[RECORDS SUPPLIED]:
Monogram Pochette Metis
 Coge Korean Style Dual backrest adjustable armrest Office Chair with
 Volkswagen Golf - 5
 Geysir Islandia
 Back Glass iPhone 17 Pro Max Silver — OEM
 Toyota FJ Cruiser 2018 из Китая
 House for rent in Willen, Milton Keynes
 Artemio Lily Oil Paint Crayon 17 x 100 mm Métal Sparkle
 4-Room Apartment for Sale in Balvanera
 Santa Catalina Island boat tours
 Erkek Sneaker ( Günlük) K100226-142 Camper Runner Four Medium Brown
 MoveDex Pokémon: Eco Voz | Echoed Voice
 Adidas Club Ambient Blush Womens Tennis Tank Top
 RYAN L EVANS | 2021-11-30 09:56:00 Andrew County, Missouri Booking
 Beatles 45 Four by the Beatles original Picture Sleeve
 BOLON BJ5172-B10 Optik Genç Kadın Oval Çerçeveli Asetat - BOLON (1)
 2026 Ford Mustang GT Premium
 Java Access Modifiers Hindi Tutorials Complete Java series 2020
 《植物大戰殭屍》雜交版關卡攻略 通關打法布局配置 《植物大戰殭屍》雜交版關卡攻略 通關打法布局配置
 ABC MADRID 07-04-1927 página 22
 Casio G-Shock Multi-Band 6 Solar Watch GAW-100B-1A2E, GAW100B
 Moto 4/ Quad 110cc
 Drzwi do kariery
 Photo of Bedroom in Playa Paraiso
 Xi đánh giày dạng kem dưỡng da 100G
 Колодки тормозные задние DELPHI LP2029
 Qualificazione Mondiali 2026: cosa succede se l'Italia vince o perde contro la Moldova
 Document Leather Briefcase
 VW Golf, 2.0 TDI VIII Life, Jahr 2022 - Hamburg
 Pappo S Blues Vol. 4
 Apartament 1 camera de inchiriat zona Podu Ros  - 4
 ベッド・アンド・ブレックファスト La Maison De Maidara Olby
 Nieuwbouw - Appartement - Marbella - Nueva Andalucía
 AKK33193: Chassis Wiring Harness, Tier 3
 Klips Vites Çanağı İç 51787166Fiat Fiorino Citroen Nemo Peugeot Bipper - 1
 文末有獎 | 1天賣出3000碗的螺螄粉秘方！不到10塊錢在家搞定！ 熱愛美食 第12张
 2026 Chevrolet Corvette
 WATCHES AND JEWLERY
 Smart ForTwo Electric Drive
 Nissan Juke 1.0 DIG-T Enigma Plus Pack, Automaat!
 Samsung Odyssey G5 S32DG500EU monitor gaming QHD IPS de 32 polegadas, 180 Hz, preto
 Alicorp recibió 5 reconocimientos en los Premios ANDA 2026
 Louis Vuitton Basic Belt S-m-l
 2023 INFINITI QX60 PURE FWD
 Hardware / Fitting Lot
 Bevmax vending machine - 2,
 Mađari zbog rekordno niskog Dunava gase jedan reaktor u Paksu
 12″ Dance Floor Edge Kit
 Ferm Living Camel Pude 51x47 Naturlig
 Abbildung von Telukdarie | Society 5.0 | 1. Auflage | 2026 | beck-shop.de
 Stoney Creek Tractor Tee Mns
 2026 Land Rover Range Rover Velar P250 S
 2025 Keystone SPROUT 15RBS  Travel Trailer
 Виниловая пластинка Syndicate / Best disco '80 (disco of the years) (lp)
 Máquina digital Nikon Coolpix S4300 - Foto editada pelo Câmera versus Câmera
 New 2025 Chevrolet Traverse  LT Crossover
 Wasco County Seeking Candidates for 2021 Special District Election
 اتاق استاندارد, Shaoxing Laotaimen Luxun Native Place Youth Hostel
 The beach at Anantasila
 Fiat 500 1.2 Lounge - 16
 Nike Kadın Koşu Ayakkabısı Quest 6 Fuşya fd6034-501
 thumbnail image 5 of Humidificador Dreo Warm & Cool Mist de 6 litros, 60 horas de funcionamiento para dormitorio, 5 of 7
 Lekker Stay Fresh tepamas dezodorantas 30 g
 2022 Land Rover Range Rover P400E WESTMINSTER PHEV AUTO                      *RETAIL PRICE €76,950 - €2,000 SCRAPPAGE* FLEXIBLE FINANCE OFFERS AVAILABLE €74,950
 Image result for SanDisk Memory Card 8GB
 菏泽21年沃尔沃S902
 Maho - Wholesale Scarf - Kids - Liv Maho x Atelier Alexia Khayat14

[EXERCISE AIM]: For the records above, restate every line word for word.

[ANSWER FOR THIS EXERCISE]:
Monogram Pochette Metis
 Coge Korean Style Dual backrest adjustable armrest Office Chair with
 Volkswagen Golf - 5
 Geysir Islandia
 Back Glass iPhone 17 Pro Max Silver — OEM
 Toyota FJ Cruiser 2018 из Китая
 House for rent in Willen, Milton Keynes
 Artemio Lily Oil Paint Crayon 17 x 100 mm Métal Sparkle
 4-Room Apartment for Sale in Balvanera
 Santa Catalina Island boat tours
 Erkek Sneaker ( Günlük) K100226-142 Camper Runner Four Medium Brown
 MoveDex Pokémon: Eco Voz | Echoed Voice
 Adidas Club Ambient Blush Womens Tennis Tank Top
 RYAN L EVANS | 2021-11-30 09:56:00 Andrew County, Missouri Booking
 Beatles 45 Four by the Beatles original Picture Sleeve
 BOLON BJ5172-B10 Optik Genç Kadın Oval Çerçeveli Asetat - BOLON (1)
 2026 Ford Mustang GT Premium
 Java Access Modifiers Hindi Tutorials Complete Java series 2020
 《植物大戰殭屍》雜交版關卡攻略 通關打法布局配置 《植物大戰殭屍》雜交版關卡攻略 通關打法布局配置
 ABC MADRID 07-04-1927 página 22
 Casio G-Shock Multi-Band 6 Solar Watch GAW-100B-1A2E, GAW100B
 Moto 4/ Quad 110cc
 Drzwi do kariery
 Photo of Bedroom in Playa Paraiso
 Xi đánh giày dạng kem dưỡng da 100G
 Колодки тормозные задние DELPHI LP2029
 Qualificazione Mondiali 2026: cosa succede se l'Italia vince o perde contro la Moldova
 Document Leather Briefcase
 VW Golf, 2.0 TDI VIII Life, Jahr 2022 - Hamburg
 Pappo S Blues Vol. 4
 Apartament 1 camera de inchiriat zona Podu Ros  - 4
 ベッド・アンド・ブレックファスト La Maison De Maidara Olby
 Nieuwbouw - Appartement - Marbella - Nueva Andalucía
 AKK33193: Chassis Wiring Harness, Tier 3
 Klips Vites Çanağı İç 51787166Fiat Fiorino Citroen Nemo Peugeot Bipper - 1
 文末有獎 | 1天賣出3000碗的螺螄粉秘方！不到10塊錢在家搞定！ 熱愛美食 第12张
 2026 Chevrolet Corvette
 WATCHES AND JEWLERY
 Smart ForTwo Electric Drive
 Nissan Juke 1.0 DIG-T Enigma Plus Pack, Automaat!
 Samsung Odyssey G5 S32DG500EU monitor gaming QHD IPS de 32 polegadas, 180 Hz, preto
 Alicorp recibió 5 reconocimientos en los Premios ANDA 2026
 Louis Vuitton Basic Belt S-m-l
 2023 INFINITI QX60 PURE FWD
 Hardware / Fitting Lot
 Bevmax vending machine - 2,
 Mađari zbog rekordno niskog Dunava gase jedan reaktor u Paksu
 12″ Dance Floor Edge Kit
 Ferm Living Camel Pude 51x47 Naturlig
 Abbildung von Telukdarie | Society 5.0 | 1. Auflage | 2026 | beck-shop.de
 Stoney Creek Tractor Tee Mns
 2026 Land Rover Range Rover Velar P250 S
 2025 Keystone SPROUT 15RBS  Travel Trailer
 Виниловая пластинка Syndicate / Best disco '80 (disco of the years) (lp)
 Máquina digital Nikon Coolpix S4300 - Foto editada pelo Câmera versus Câmera
 New 2025 Chevrolet Traverse  LT Crossover
 Wasco County Seeking Candidates for 2021 Special District Election
 اتاق استاندارد, Shaoxing Laotaimen Luxun Native Place Youth Hostel
 The beach at Anantasila
 Fiat 500 1.2 Lounge - 16
 Nike Kadın Koşu Ayakkabısı Quest 6 Fuşya fd6034-501
 thumbnail image 5 of Humidificador Dreo Warm & Cool Mist de 6 litros, 60 horas de funcionamiento para dormitorio, 5 of 7
 Lekker Stay Fresh tepamas dezodorantas 30 g
 2022 Land Rover Range Rover P400E WESTMINSTER PHEV AUTO                      *RETAIL PRICE €76,950 - €2,000 SCRAPPAGE* FLEXIBLE FINANCE OFFERS AVAILABLE €74,950
 Image result for SanDisk Memory Card 8GB
 菏泽21年沃尔沃S902
 Maho - Wholesale Scarf - Kids - Liv Maho x Atelier Alexia Khayat14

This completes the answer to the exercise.